WHAT THIS TASK INVOLVES -
Please repeat the data below exactly, with the pictures removed.

START DATA FOR ANALYSIS

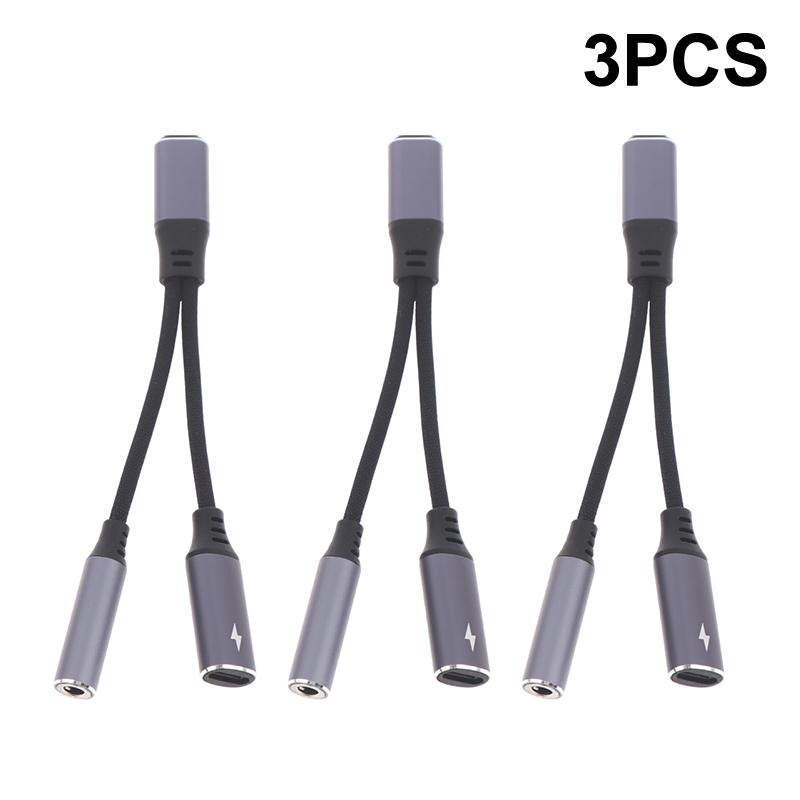 2 In 1 Usb C To 3.5Mm Headphone And Charger Adapter Pd 60W Quick Charging Cable Aux Jack Adapter For Mobile Phone Pad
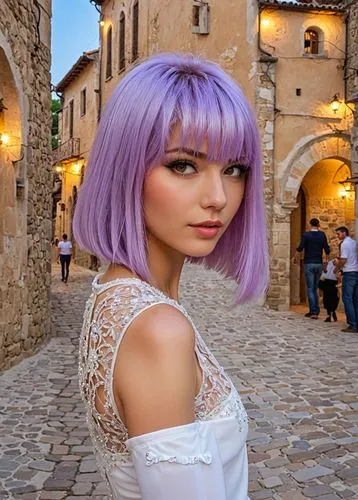 beautiful charisma,an image of a girl with purple hair,lavender blush,violet head elf,violet,mauve,purple skin,violet eyes,light purple,natural cosmetic,white with purple,lilac,lavender,white purple,v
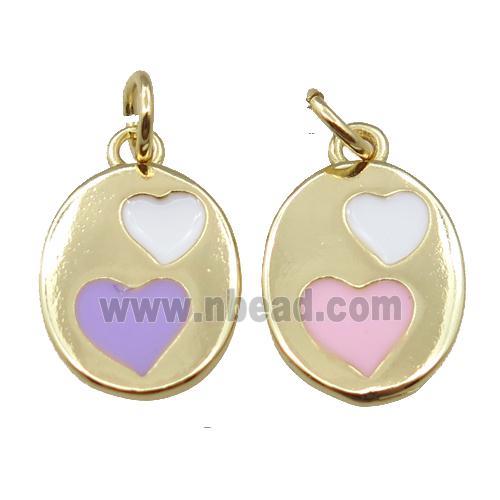 copper oval pendant with double heart, enamel, mixed, gold plated
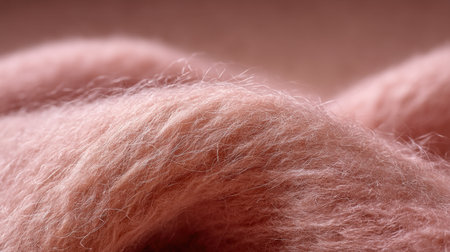 Close-up of light pink fiber texture that showcases a soft and fluffy appearance, perfect for evoking warmth and comfort in various design projects and textiles.の素材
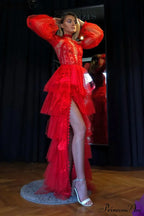 Elegant Lace Hollow Out A-Line Full Sleeve Red Christmas Party Dress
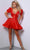 Johnathan Kayne 2515 - Puff Sleeve Shimmer Cocktail Dress Cocktail Dresses 00 / Cherry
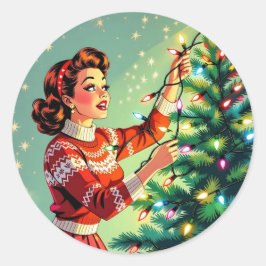 Pegatina Redonda Humor navideño retro sarcástico divertido
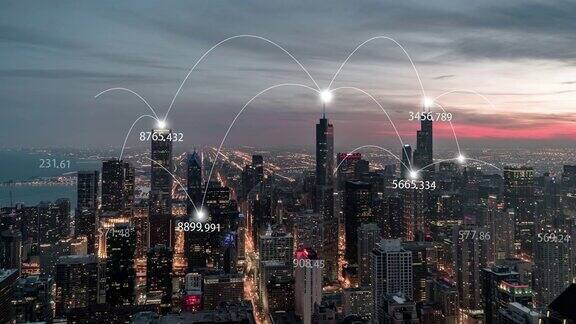 ZI鸟瞰图芝加哥城市和5G网络概念日落到夜晚的过渡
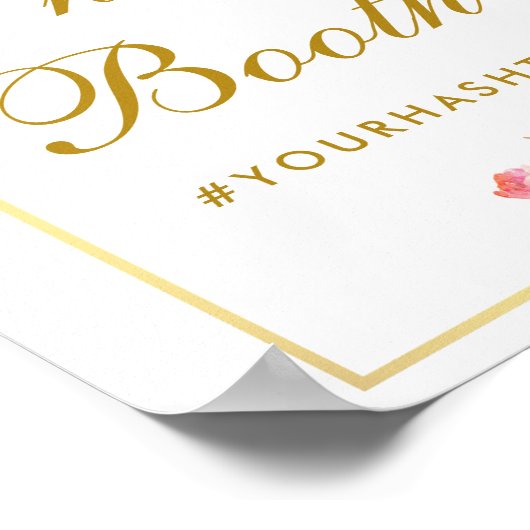 花のピンクゴールド ウェディング フォトブース ポスター (角)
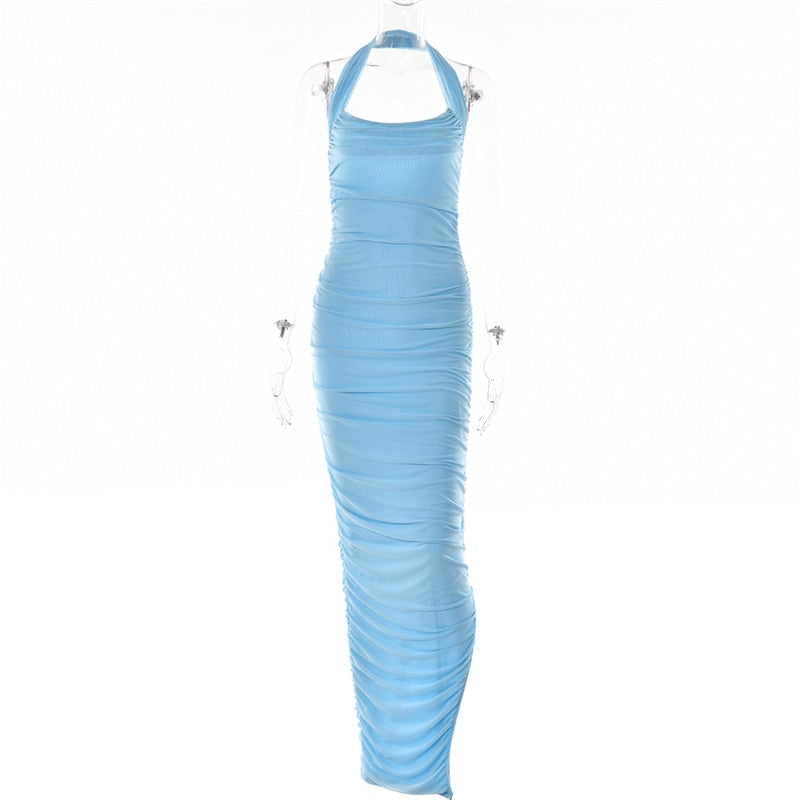 Articat  Strapless Mesh Maxi Dress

END DATA FOR ANALYSIS

ANSWER SPACE -
 2 In 1 Usb C To 3.5Mm Headphone And Charger Adapter Pd 60W Quick Charging Cable Aux Jack Adapter For Mobile Phone Pad
 beautiful charisma,an image of a girl with purple hair,lavender blush,violet head elf,violet,mauve,purple skin,violet eyes,light purple,natural cosmetic,white with purple,lilac,lavender,white purple,v
 copper oval pendant with double heart, enamel, mixed, gold plated
 Close-up of light pink fiber texture that showcases a soft and fluffy appearance, perfect for evoking warmth and comfort in various design projects and textiles.の素材
 Elegant Lace Hollow Out A-Line Full Sleeve Red Christmas Party Dress
 Johnathan Kayne 2515 - Puff Sleeve Shimmer Cocktail Dress Cocktail Dresses 00 / Cherry
 Pegatina Redonda Humor navideño retro sarcástico divertido
 ZI鸟瞰图芝加哥城市和5G网络概念日落到夜晚的过渡
 花のピンクゴールド ウェディング フォトブース ポスター (角)
 Articat  Strapless Mesh Maxi Dress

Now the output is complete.